结构操作
当前的GraphX
仅仅支持一组简单的常用结构性操作。下面是基本的结构性操作列表。
class Graph[VD, ED] {
def reverse: Graph[VD, ED]
def subgraph(epred: EdgeTriplet[VD,ED] => Boolean,
vpred: (VertexId, VD) => Boolean): Graph[VD, ED]
def mask[VD2, ED2](other: Graph[VD2, ED2]): Graph[VD, ED]

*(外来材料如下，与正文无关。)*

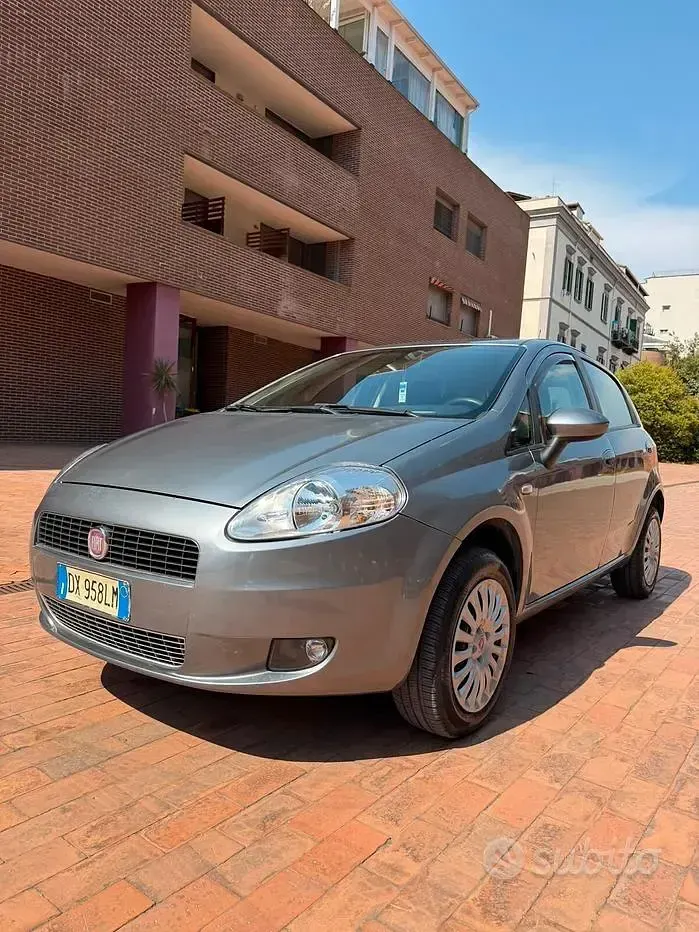 Usata Fiat Grande Punto Dynamic 77 CV (56 kW) 2009 Grigio Utilitaria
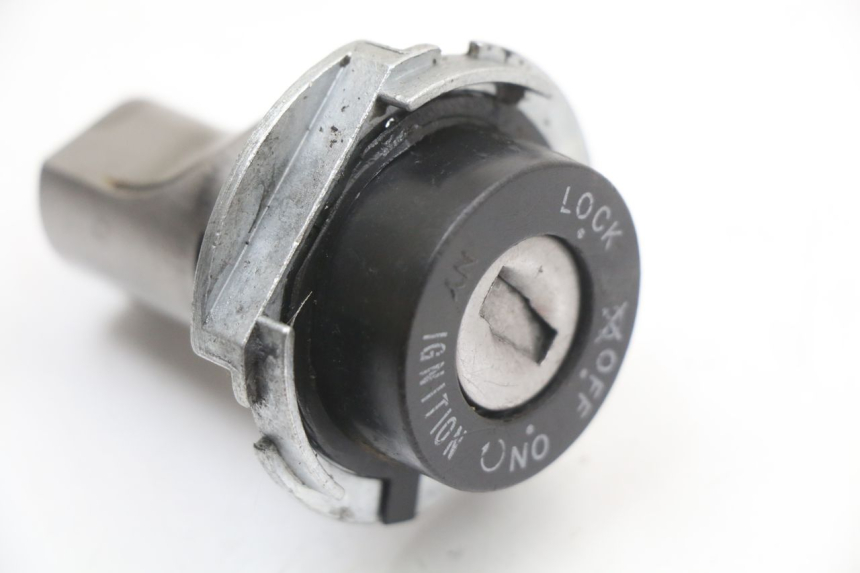 photo de KIT SERRATURA CHIAVE NEIMAN PIAGGIO ZIP 2T 50 (2009 - 2019)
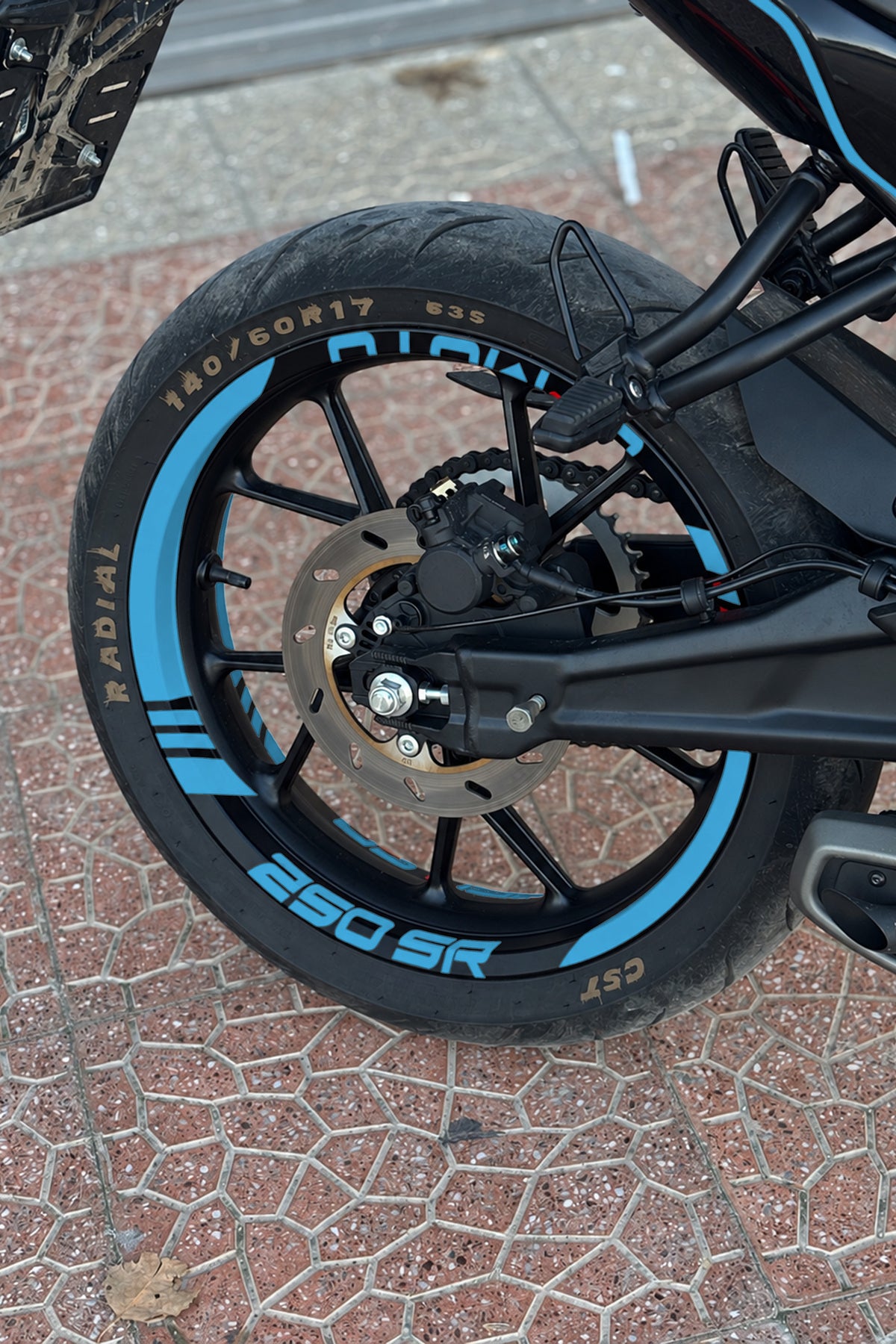 CFMOTO 250 SR için Yazılı Kalın Kesikli Jant Şeridi Sticker Seti (16 Parça) (1 Set 1 Motora Yeterlidir)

def groupEdges(merge: (ED, ED) => ED): Graph[VD,ED]
}
下面分别介绍这四种函数的原理。
1 reverse
reverse
操作返回一个新的图,这个图的边的方向都是反转的。例如,这个操作可以用来计算反转的PageRank。因为反转操作没有修改顶点或者边的属性或者改变边的数量,所以我们可以
在不移动或者复制数据的情况下有效地实现它。
override def reverse: Graph[VD, ED] = {
new GraphImpl(vertices.reverseRoutingTables(), replicatedVertexView.reverse())
}
def reverse(): ReplicatedVertexView[VD, ED] = {
val newEdges = edges.mapEdgePartitions((pid, part) => part.reverse)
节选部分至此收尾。